La France, la Cedeao et l’UE sont restées largement silencieuses. Elles ont généralement privilégié la stabilité et les relations stratégiques avec le gouvernement ivoirien au détriment de la responsabilité démocratique. Cette passivité risque d’effriter davantage la crédibilité de ces acteurs internationaux tout en renforçant les discours sur le double standard occidental dans la région.

Alors que les partis d’opposition exclus ont tenté, sans grand succès, de mobiliser leurs partisans dans les rues, les candidats restants, représentant de petits partis ou coalitions récemment créés, ont adopté une stratégie différente.
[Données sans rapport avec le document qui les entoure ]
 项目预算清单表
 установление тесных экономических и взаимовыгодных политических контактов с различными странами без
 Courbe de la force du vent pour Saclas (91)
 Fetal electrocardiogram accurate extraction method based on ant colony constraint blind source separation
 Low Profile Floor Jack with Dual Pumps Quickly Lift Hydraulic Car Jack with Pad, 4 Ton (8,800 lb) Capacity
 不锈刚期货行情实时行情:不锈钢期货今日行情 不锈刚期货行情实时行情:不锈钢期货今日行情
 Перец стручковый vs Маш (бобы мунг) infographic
La dirigeante du Mouvement des générations capables, Simone Ehivet Gbagbo (ancienne première dame, qui a divorcé de l’ex-président Gbagbo en 2023), a déploré l’élimination de son ex-mari. Mais dans les dernières semaines de la campagne, elle a insisté sur le fait qu’il était trop tard pour appeler les gens à descendre dans la rue.
Elle a plutôt appelé les gens à voter.

Jour du scrutin

Le jour du scrutin s’est déroulé dans le calme dans l’ensemble du pays, mais des affrontements violents ont éclaté dans plusieurs villes. Le président de la Commission électorale indépendante, Ibrahim Kuibiert Coulibaly, a qualifié ces incidents de « marginaux » et « rapidement maîtrisés ».
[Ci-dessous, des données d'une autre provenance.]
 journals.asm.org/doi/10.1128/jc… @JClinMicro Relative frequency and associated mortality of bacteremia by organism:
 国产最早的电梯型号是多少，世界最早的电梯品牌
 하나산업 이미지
Si le résultat des élections n’a jamais fait de doute, le taux de participation était moins prévisible. Le taux de participation confirmé de 50,1 % montre que de nombreux électeurs sont restés chez eux, beaucoup par apathie, mais aussi par crainte des risques d’affrontements violents autour des bureaux de vote.

Les résultats provisoires annoncés le 27 octobre ont donné 89,77 % des voix à Ouattara. Tidjane Thiam et d’autres membres de l’opposition ont dénoncé un processus électoral truqué et polarisant, avec une participation insuffisante. Thiam a appelé à une résistance non violente et demandé au gouvernement d’engager un dialogue pour la réconciliation.
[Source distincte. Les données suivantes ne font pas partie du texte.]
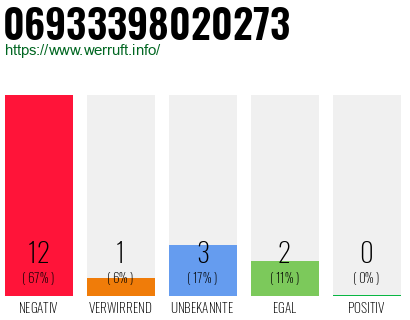Rufnummer 06933398020273 Telefonnummer 06933398020273
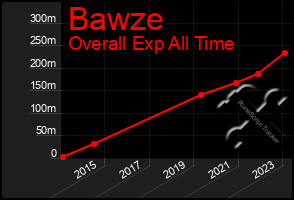 Total Graph of Bawze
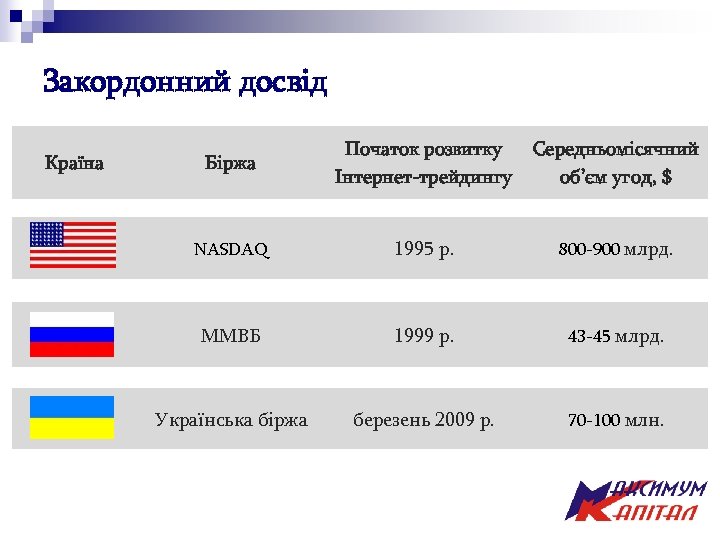 Закордонний досвід Країна Біржа Початок розвитку Інтернет-трейдингу Середньомісячний об’єм угод, $ NASDAQ 1995 р.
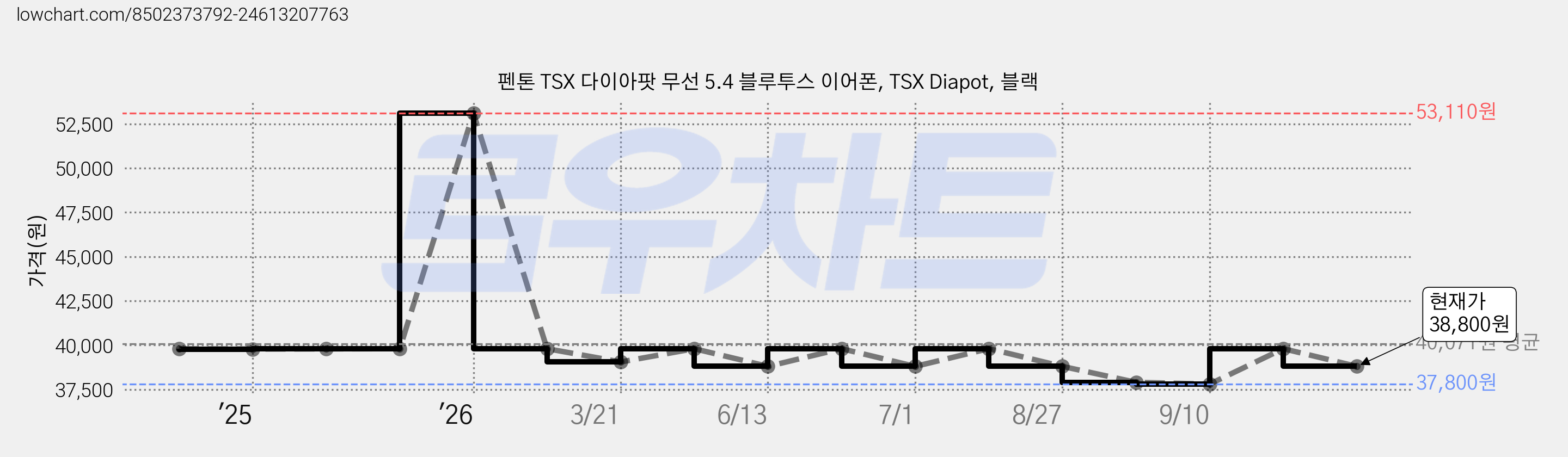 펜톤 TSX 다이아팟 무선 5.4 블루투스 이어폰, TSX Diapot, 블랙 가격 변동 차트, 현재가 38,800원, 관측 최저가 37,800원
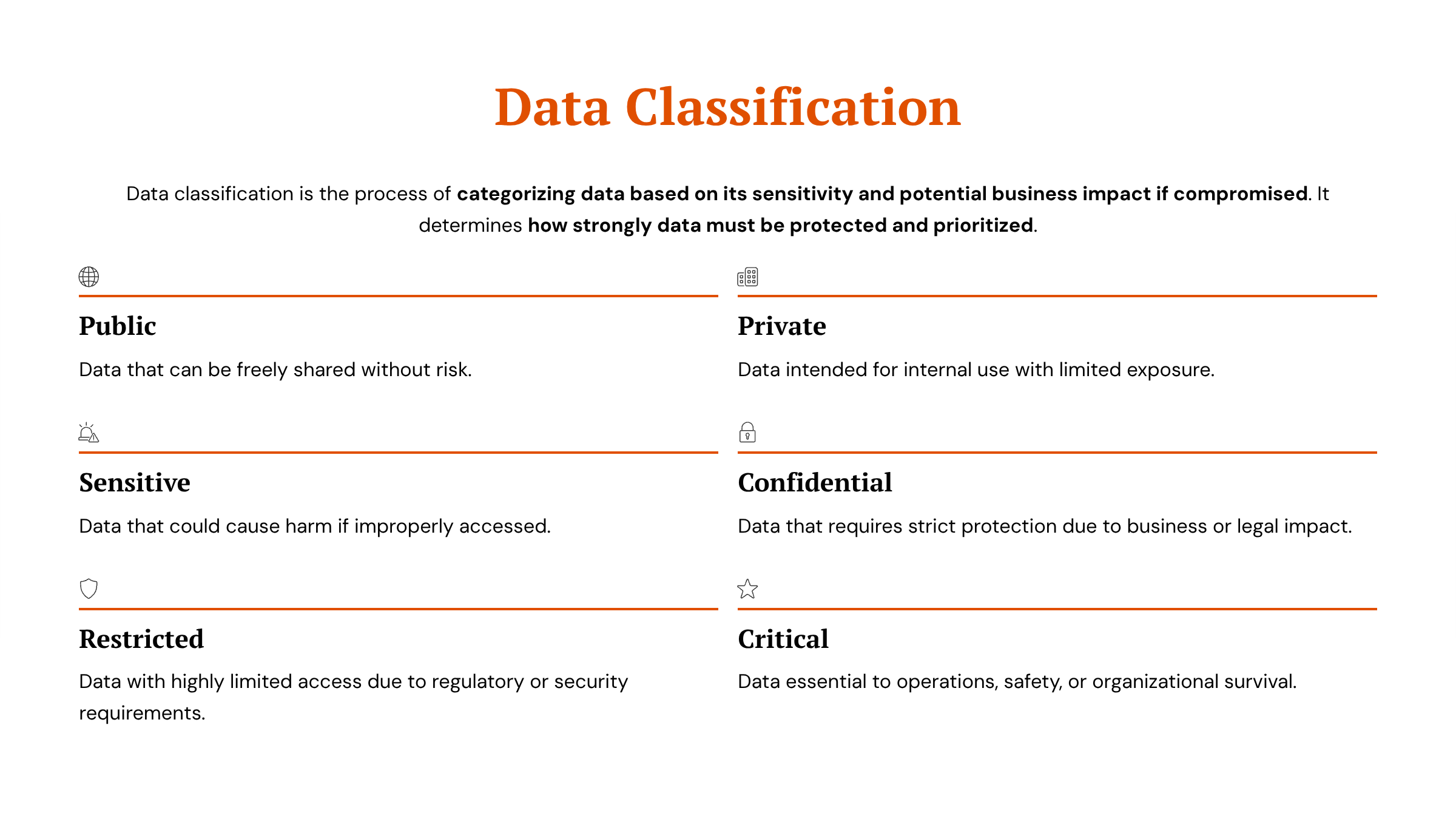 3_Data-Classification.png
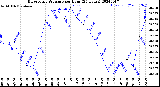 Milwaukee Weather Barometric Pressure<br>per Hour<br>(24 Hours)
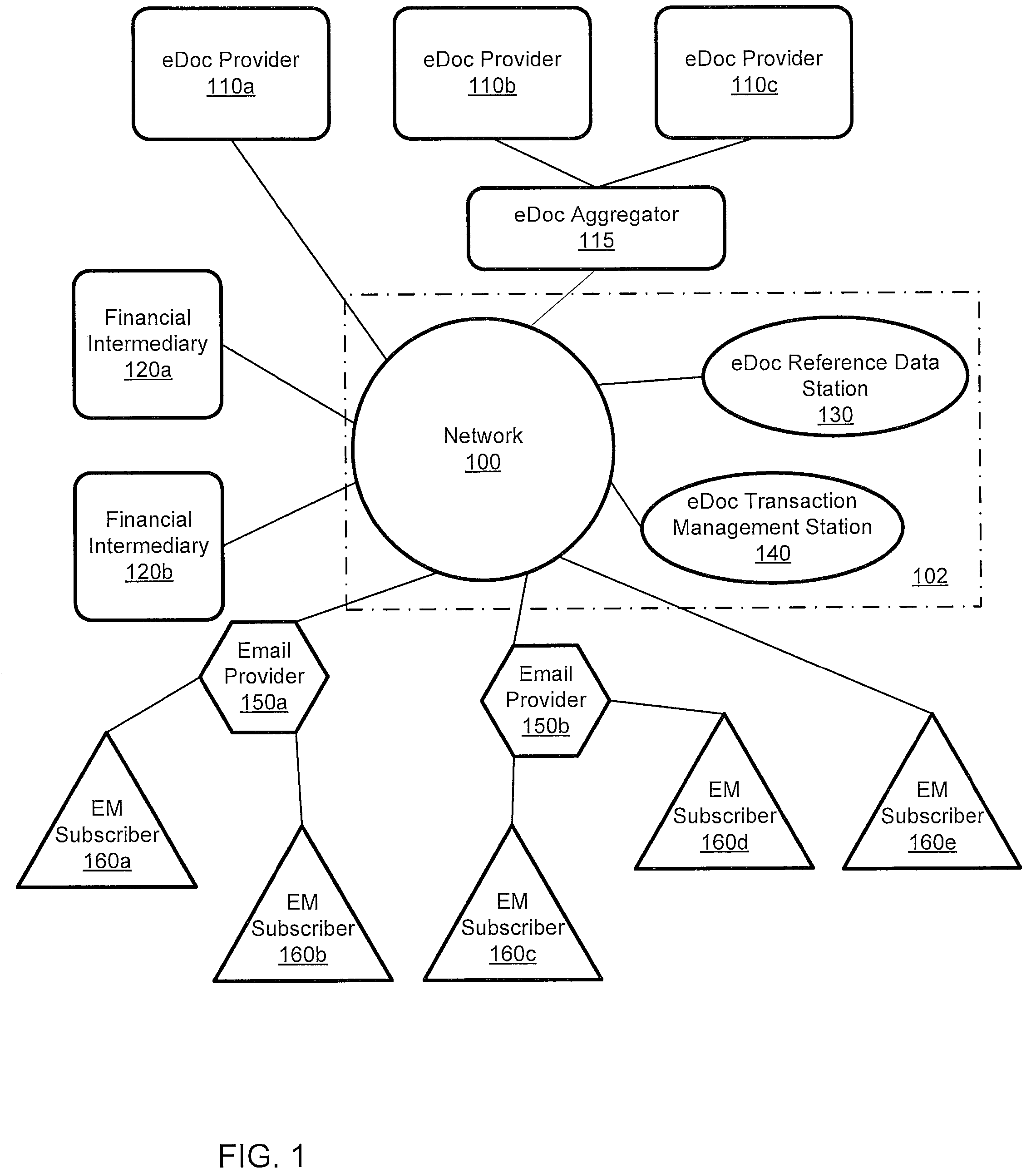 Teired key communication system and method in support of controlled vendor message processing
Le parti au pouvoir et les médias favorables à Ouattara ont qualifié le résultat de « victoire écrasante », célébrant en particulier les victoires de Ouattara dans les bastions historiques de l’opposition.

Trois jours après le scrutin, plusieurs dirigeants des principaux partis d’opposition ont été convoqués par la police au motif que des armes de guerre avaient été trouvées au domicile de personnes liées à la marche du 11 octobre.

Ainsi, même si l’on peut dire que les élections se sont déroulées sans incident majeur, l’absence de véritable compétition et les mesures prises pour restreindre l’opposition ont entaché la crédibilité du scrutin et l’héritage de M. Ouattara.

Quelles perspectives pour la démocratie ?

À court et moyen terme, les principaux partis d’opposition pourraient tenter de retrouver de l’influence lors des élections législatives du 27 décembre. Ils pourraient aussi reprendre leurs manifestations.

À long terme, Ouattara devrait s’orienter vers un autoritarisme assumé pour justifier une cinquième candidature en 2030. Il est plus probable qu’il passe la main à un successeur issu de son cercle rapproché.

Même si cela se produit, de sérieuses questions subsistent autour du cadre électoral. L’opposition affirme depuis longtemps que la commission électorale indépendante est partiale et favorise le président sortant.

La présidence de Ouattara est entachée par son bilan en matière de compétitions électorales partiales, de violence politique et d’insécurité, et par la réduction de l’espace d’expression publique.

Compte tenu de l’importance stratégique de la Côte d’Ivoire pour les pays du Nord, en tant que rare allié dans la sous-région, les acteurs internationaux n’auront pas grand-chose à dire sur ses performances démocratiques.

Les perspectives de réconciliation, de réforme politique et de transition pacifique en 2030 dépendront principalement du parti au pouvoir. Celui-ci devra encourager le dialogue et l’inclusion politique aux niveaux municipal, provincial et régional.

Les législatives du 27 décembre permettront de mieux mesurer le rapport de forces réel que l’élection présidentielle quia été entachée d’irrégularités.

Amelie Stelter, du département de recherche sur la paix et les conflits de l’université d’Uppsala, en Suède, a contribué à cet article.